### Task requirements
In your copy, include every record exactly and no pictures.

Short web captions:
--*--

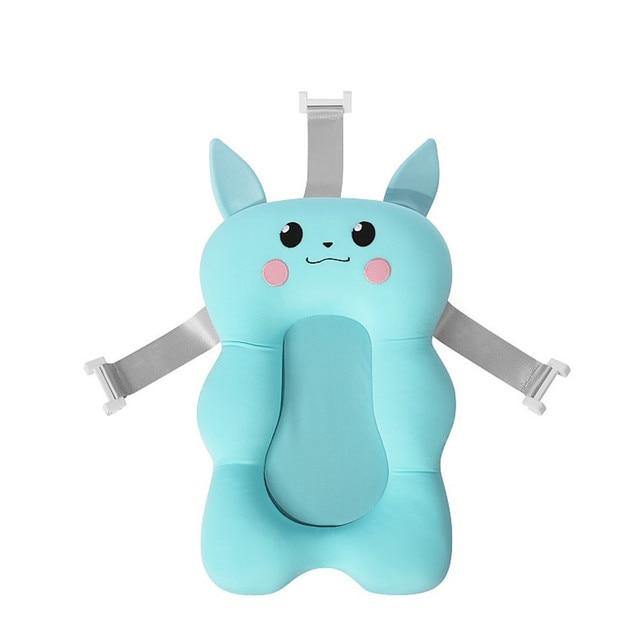 Norvo | Baby Badekompres - SnuggleSplash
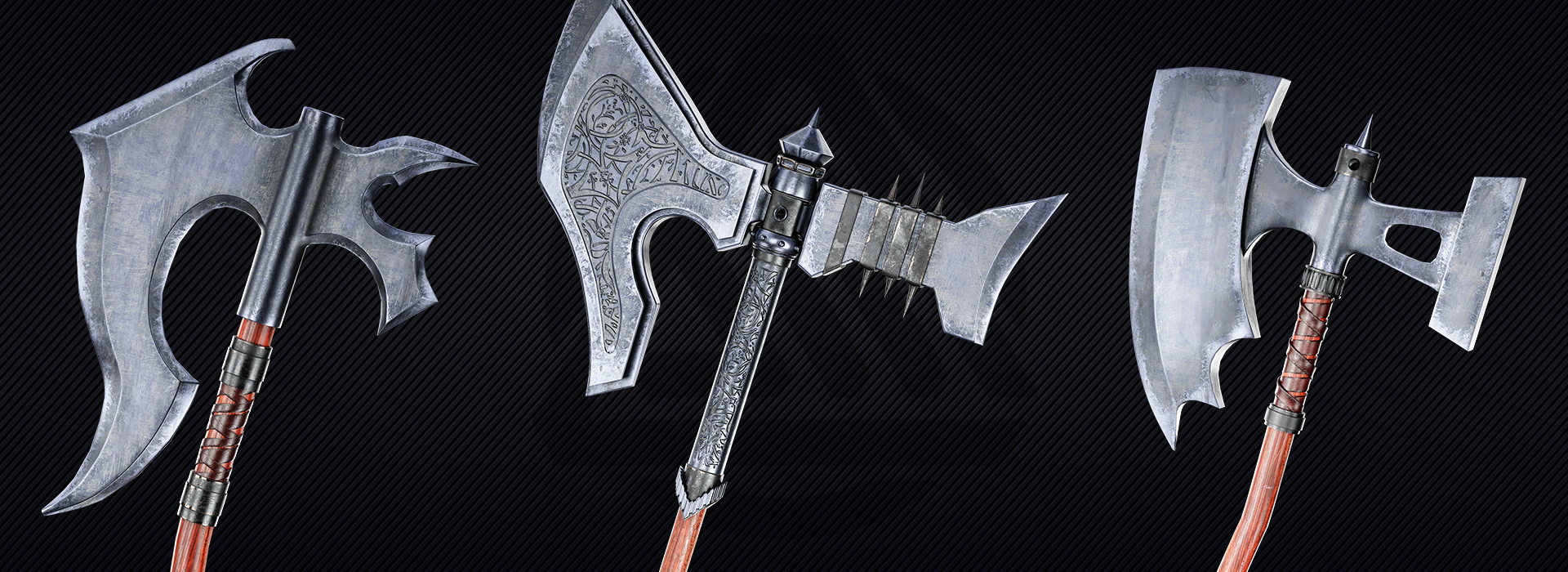 Product banner image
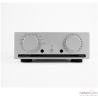 Mission 778X integrated amplifier Mission 778X integrated amplifier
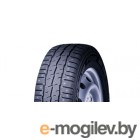   Michelin Agilis X-Ice North 215/65R16C 109/107R ()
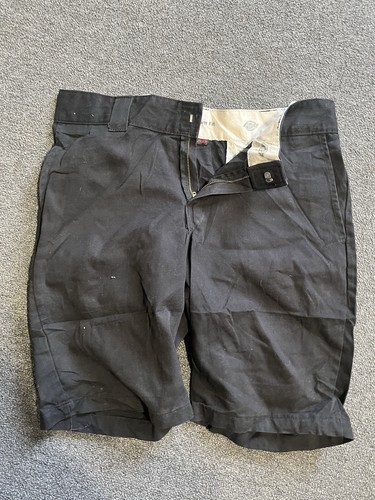 Dickies shorts mens - mens, 34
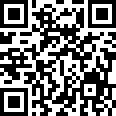 QRコード https://mirunuku.net/?cid=h_283dipo00092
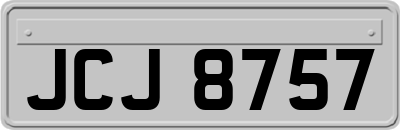 JCJ8757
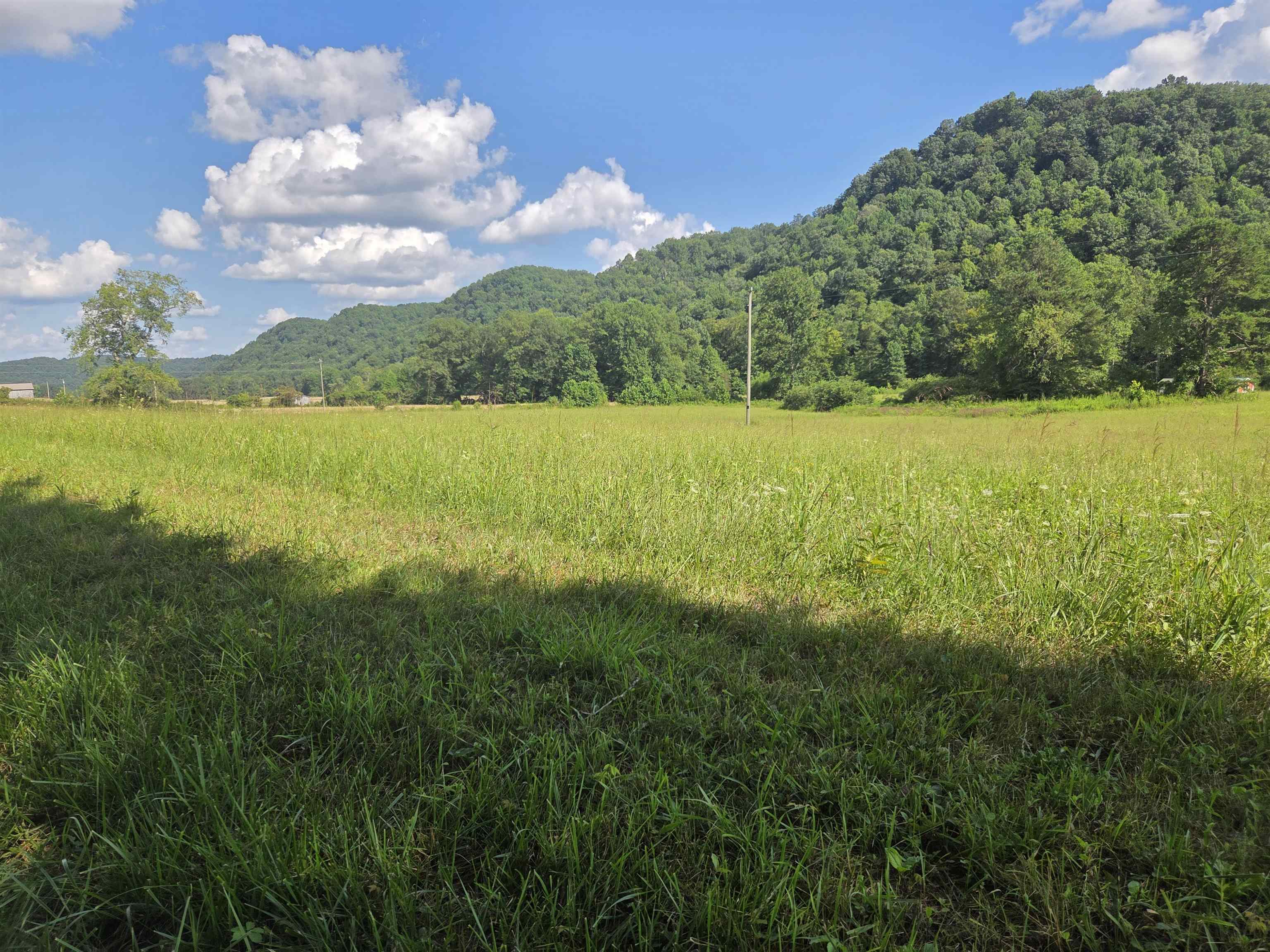 0 Tar Fork Road Vanceburg, KY 41179 - Photo 28 of 33 Gallery Image 28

--*--

### Expected answer
 Norvo | Baby Badekompres - SnuggleSplash
 Product banner image
 Mission 778X integrated amplifier Mission 778X integrated amplifier
   Michelin Agilis X-Ice North 215/65R16C 109/107R ()
 Dickies shorts mens - mens, 34
 QRコード https://mirunuku.net/?cid=h_283dipo00092
 JCJ8757
 0 Tar Fork Road Vanceburg, KY 41179 - Photo 28 of 33 Gallery Image 28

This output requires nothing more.